**Exercise instructions**
A word-for-word transcript of the closing lines is required: from the one with "Modern Designer Gem" through the final line of the data.

**Dataset entries**

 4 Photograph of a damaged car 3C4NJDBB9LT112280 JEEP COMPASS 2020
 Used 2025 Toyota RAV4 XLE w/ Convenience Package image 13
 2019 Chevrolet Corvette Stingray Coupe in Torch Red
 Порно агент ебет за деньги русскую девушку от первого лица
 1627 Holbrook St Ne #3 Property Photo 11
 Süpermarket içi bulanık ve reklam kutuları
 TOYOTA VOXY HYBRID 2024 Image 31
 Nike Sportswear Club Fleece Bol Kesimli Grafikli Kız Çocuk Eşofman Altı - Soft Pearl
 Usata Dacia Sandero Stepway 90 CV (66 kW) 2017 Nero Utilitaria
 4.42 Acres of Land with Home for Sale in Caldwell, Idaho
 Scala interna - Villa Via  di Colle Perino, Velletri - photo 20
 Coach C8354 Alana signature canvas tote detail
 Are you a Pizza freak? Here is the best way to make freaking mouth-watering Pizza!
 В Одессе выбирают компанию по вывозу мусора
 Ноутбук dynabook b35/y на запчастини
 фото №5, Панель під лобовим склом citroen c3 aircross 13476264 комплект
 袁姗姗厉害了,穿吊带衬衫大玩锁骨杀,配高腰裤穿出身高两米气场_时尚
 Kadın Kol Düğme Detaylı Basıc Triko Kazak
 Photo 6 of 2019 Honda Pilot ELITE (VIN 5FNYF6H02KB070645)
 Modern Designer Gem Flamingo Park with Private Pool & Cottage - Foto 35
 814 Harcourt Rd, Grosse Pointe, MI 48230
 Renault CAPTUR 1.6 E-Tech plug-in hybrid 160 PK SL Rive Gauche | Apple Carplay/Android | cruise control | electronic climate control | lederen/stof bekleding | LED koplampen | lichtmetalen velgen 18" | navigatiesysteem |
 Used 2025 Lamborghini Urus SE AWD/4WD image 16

**Completed exercise**
 Modern Designer Gem Flamingo Park with Private Pool & Cottage - Foto 35
 814 Harcourt Rd, Grosse Pointe, MI 48230
 Renault CAPTUR 1.6 E-Tech plug-in hybrid 160 PK SL Rive Gauche | Apple Carplay/Android | cruise control | electronic climate control | lederen/stof bekleding | LED koplampen | lichtmetalen velgen 18" | navigatiesysteem |
 Used 2025 Lamborghini Urus SE AWD/4WD image 16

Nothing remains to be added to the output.